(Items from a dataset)
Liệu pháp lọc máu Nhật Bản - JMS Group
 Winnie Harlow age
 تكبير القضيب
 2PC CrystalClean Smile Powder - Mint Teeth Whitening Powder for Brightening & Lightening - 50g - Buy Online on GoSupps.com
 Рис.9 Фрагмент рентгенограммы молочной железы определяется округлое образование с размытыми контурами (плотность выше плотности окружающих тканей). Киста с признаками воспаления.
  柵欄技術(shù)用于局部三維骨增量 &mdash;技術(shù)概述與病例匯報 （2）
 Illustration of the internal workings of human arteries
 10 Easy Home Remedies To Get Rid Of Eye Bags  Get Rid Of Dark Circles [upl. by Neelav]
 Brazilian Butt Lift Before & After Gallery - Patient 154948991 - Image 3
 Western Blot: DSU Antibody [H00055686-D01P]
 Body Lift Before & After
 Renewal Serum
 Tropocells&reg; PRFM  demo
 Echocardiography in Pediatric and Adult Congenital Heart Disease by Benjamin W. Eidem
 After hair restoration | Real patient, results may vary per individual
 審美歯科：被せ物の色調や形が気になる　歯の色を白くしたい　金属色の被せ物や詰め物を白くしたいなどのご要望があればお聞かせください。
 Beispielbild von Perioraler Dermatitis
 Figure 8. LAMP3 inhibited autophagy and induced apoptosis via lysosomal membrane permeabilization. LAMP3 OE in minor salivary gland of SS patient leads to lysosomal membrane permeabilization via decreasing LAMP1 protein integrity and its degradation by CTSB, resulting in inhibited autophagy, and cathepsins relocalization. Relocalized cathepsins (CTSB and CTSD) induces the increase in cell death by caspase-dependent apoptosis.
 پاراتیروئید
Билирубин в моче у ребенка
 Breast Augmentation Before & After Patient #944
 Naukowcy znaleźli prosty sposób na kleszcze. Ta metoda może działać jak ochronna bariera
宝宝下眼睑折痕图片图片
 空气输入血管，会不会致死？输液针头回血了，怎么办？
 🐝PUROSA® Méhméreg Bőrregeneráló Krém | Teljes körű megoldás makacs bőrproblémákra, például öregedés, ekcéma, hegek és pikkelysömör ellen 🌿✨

◆ Exercise prompt: Examine the data above and state how many of its lines contain the word "After", with no further remarks.

◆ The completed task: 4